I use the stained glass pushpins, although they are more expensive than the office supply store pushpins. All I can find at the office supply store have plastic heads and a 3/8" pin. The SG suppliers sell an aluminum head with 5/8" pin. The longer pin has better holding power, and the aluminum headed pins will last the rest of my lifetime.

Horseshoe nails were originally used when the panel was assembled on a plank of wood. Back then, old growth trees and planks up to 4 feet wide from them were readily available. Horseshoe nails were the staple hardware of the day. Pushpins were not yet invented. Many artisans still use the traditional horseshoe nail, but on plywood or some type of fiberboard today. There is nothing wrong with this method or materials. Either pins or horseshoe nails will work quite well. The choice usually stems from what you were taught with from your first teacher. You learn a particular set of tools and methods, become comfortable with them, and tend to stay with them.

Never use the pin or nail directly against the glass or lead came in your project. If you are holding lead in place, use a small piece of scrap glass in the lead with the pin or nail against the scrap of glass. A chip in the scrap piece won't matter and your lead will get no scratches or dents.

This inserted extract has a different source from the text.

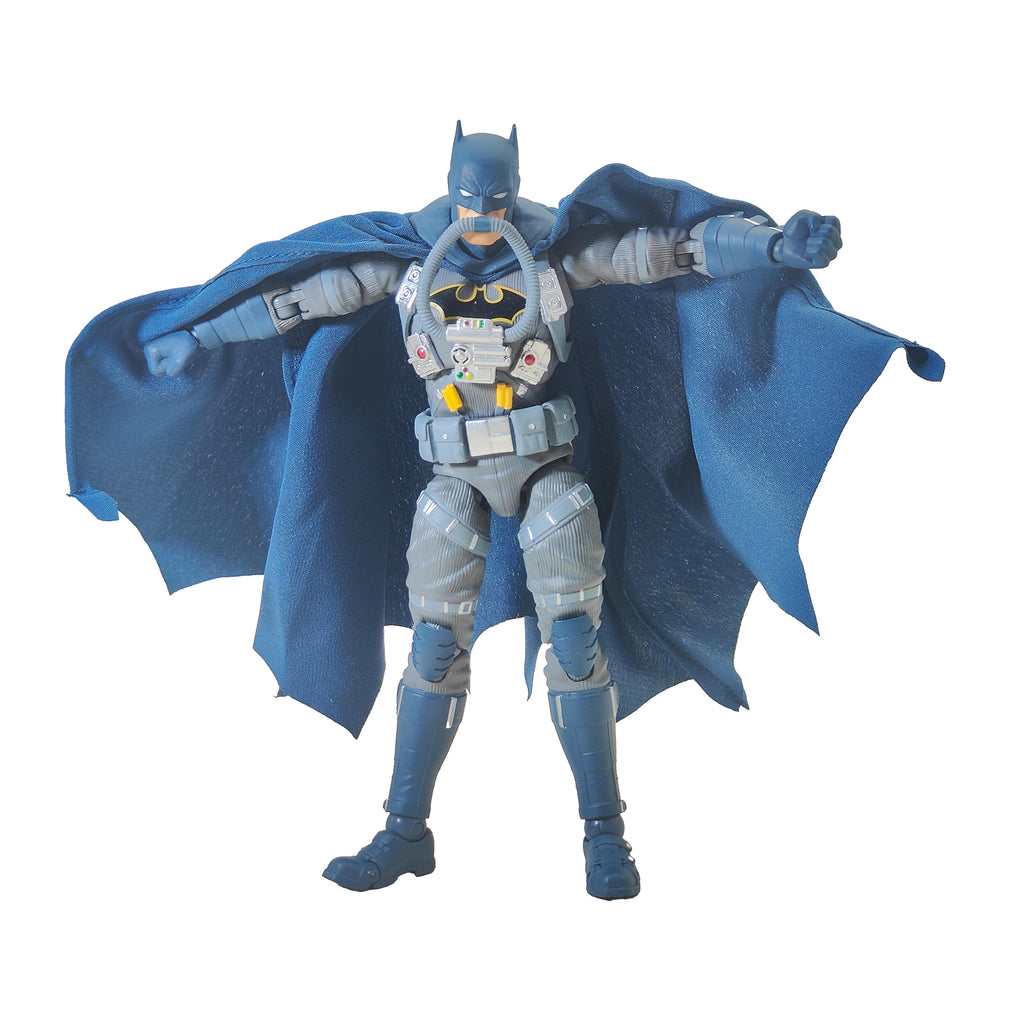 Batman Hush Stealth Jumper Batman Mafex Action Figure 2022 16cm – Batman, Medicom, 16 cm, 2022, pre-owned collector piece, Uncanny Collectibles Dublin Ireland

If you are holding glass in place, use a small scrap of lead came against the glass, and pin or nail next to the lead scrap. By using scrap lead, the glass will be held at the same elevation as the pieces already leaded, and the holding force is in the plane of the glass, against the lead heart. This helps keep things tight and avoids bending the lead came out of the plane of the panel. If you pin unsupported glass, aside from the possibility of chipping it, the unsupported edge can drop down onto your lay-up board. This can pry open the lead channel it is seated in causing a loose fit. It also puts an upward force on the assembled pieces, which can make a wavy panel. Do it right, and it will be flat and tight. 

I have heard claims that the wider horseshoe nail provides more support, but I have not had any problems with pushpins (which is what I was taught with by my first teacher). I find pins easier to use (I don't have to hammer them in), and they hold the glass and/or lead in place without shifting. 

What is under the pins should be considered as well. A good deal of my success is probably due to my lay-up board underneath. I have a series of lay-up boards that have collected over time as I make different sized panels. My smallest board is 20"x30", and my largest is 48"x60", with several in between. I use 1/2" birch plywood for the base, which I cut with a skill saw from 4'x8' sheets. I then cut a piece of "sound deadening" board with a utility knife to fit the plywood base. The sound deadening board is a medium density fiberboard, 1/2" thick, available from home supply centers in 4'x8' sheets. It is a dark brown color and reeks of creosote fresh from the pile. I leave it outside for a week and the aroma completely dissipates, so I can bring it into the shop.

I cut two pieces of 1/8" thick, 3/4" width aluminum angle iron to length and drill oversized holes in one side for #10 pan-head wood screws in a 3/4" length. With a framing square, I attach the angle irons along two edges of the lay-up board, on top of the fiberboard. I then put a few 3/4" lath screws (these have a very wide, very thin, flat head) along the other two edges to attach the fiberboard to the plywood. Aluminum bends quite easily, and I find the thicker, wider angle iron to keep its straight lines, and not be too heavy.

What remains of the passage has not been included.